Prezes Urzędu Ochrony Konkurencji i Konsumentów oskarżył dwie duże sieci handlowe o wykorzystywanie przewagi kontraktowej. Zarzuty dla Auchan i Intermarche dotyczą stosowania niedozwolonych praktyk w relacjach z mniejszymi podmiotami, które nie mają narzędzi obrony. Wydaje się, że w świetle postawy prezentowej od prawie roku przez Auchan takie doniesienia już nie dziwią.
Zarzuty dla Auchan i Intermarche – kontrahenci bez szans w starciu z gigantami
Współpraca pomiędzy dużymi sieciami handlowymi a małymi dostawcami rolno-spożywczymi to w naszym kraju norma. Giganci mający w Polsce setki sklepów zazwyczaj zaopatrują się u wielu drobnych przedsiębiorców. Dla nich z kolei umowa z rozpoznawalną marką to często jedyna szansa na godny zarobek. W tej sytuacji często dochodzi do nadużyć, które polegają na wykorzystywaniu przez sieci handlowe swojej pozycji względem dostawców. Takie praktyki mógł stosować Auchan Polska oraz SCA PR Polska, czyli centrala zakupowa dla działającego na naszym podwórku Intermarche.
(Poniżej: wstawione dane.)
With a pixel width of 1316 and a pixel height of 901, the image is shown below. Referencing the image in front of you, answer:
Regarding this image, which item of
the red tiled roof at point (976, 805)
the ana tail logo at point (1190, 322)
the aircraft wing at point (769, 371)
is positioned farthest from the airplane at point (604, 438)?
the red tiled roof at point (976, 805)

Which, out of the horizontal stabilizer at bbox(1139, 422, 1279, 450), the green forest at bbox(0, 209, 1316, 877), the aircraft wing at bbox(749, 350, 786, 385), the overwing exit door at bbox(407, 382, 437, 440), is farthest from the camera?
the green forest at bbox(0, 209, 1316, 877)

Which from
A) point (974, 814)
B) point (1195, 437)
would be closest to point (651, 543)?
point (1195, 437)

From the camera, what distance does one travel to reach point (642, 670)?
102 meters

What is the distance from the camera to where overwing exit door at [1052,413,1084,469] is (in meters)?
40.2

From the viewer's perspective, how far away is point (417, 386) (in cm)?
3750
Szczególnie w przypadku tej pierwszej sieci kolejne negatywne informacje już nie dziwią. Francuskie kierownictwo od ponad roku nie widzi żadnego problemu w działaniu na rynku sterowanym przez rosyjskiego dyktatora. Często szokujące są też metody, którymi posługuje się Auchan, by przetrwać w Rosji. Jak się okazuje polski oddział również może nie działać zgodnie z prawem i zasadami etycznymi.
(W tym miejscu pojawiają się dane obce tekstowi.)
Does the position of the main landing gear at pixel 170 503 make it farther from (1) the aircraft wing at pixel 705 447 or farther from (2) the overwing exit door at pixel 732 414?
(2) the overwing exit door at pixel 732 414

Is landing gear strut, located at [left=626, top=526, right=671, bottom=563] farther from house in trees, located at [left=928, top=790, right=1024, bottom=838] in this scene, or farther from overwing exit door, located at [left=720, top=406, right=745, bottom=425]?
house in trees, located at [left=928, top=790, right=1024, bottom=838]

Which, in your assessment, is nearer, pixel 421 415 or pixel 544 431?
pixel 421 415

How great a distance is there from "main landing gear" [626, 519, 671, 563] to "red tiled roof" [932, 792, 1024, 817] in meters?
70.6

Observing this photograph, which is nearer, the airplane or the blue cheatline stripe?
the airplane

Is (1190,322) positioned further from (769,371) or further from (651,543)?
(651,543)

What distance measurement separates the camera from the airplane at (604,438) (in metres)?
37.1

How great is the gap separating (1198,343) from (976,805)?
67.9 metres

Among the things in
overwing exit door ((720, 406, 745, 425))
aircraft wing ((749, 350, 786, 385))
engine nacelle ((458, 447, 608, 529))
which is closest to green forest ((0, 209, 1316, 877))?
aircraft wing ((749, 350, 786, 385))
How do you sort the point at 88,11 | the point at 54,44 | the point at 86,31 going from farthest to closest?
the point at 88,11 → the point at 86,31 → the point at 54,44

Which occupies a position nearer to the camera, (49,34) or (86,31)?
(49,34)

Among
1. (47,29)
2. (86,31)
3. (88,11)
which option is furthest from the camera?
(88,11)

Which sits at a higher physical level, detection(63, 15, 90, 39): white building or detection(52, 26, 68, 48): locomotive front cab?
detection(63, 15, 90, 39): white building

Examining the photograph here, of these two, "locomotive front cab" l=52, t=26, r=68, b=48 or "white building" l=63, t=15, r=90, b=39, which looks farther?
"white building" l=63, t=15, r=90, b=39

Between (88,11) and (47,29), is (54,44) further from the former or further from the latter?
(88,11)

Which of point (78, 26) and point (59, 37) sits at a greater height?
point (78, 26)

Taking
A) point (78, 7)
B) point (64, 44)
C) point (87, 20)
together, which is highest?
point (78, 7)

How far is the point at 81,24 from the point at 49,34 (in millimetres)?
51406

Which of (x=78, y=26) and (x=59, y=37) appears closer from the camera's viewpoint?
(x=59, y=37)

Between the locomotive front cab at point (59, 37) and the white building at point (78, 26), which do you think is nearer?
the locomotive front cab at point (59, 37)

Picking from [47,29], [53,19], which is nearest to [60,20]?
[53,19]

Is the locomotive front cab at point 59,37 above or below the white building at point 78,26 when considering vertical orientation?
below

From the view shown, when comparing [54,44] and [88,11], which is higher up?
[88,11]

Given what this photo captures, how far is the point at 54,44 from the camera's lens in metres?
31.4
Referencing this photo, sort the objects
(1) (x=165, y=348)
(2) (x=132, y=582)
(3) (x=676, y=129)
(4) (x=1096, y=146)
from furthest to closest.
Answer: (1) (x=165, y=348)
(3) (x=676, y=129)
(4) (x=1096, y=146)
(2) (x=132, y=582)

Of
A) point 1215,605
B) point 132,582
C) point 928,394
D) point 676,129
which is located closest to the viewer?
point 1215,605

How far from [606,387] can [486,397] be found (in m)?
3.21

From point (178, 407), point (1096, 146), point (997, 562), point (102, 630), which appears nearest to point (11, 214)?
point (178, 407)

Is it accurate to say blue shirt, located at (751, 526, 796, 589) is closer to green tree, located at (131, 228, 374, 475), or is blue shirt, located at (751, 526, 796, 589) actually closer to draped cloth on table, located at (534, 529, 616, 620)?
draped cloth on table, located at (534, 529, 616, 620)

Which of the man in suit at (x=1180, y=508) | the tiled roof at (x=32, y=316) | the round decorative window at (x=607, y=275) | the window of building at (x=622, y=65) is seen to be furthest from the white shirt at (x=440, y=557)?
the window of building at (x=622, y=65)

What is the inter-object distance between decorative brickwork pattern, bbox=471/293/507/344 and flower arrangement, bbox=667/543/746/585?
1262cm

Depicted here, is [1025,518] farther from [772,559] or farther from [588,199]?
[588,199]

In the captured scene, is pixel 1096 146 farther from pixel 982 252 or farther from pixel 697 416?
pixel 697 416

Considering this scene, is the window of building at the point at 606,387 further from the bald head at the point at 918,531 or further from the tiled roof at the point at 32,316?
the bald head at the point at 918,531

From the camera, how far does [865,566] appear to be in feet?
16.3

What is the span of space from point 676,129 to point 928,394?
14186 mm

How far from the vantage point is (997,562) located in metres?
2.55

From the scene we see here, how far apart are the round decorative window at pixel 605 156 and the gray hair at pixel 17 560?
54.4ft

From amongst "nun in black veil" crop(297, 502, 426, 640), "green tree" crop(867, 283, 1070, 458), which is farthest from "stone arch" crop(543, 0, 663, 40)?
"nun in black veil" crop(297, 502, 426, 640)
Przerzucanie na kontrahentów kosztów dostawy i nieuczciwe rabaty. Oto zarzuty Prezesa UOKiK
Zdaniem Prezesa UOKiK sieć w latach 2020-2021 regularnie obciążała swoich kontrahentów kosztami transportu towarów z magazynu centralnego do poszczególnych sklepów. Oznacza to, że rolnicy płacili za to, by ich produkty ostatecznie znalazły się w naszych koszykach. Dzięki temu Auchan przerzucał na małych przedsiębiorców część kosztów prowadzenia własnego biznesu. Co więcej, nie wszyscy kontrahenci mieli taki zapis w umowach, a to może oznaczać nierówne traktowanie partnerów.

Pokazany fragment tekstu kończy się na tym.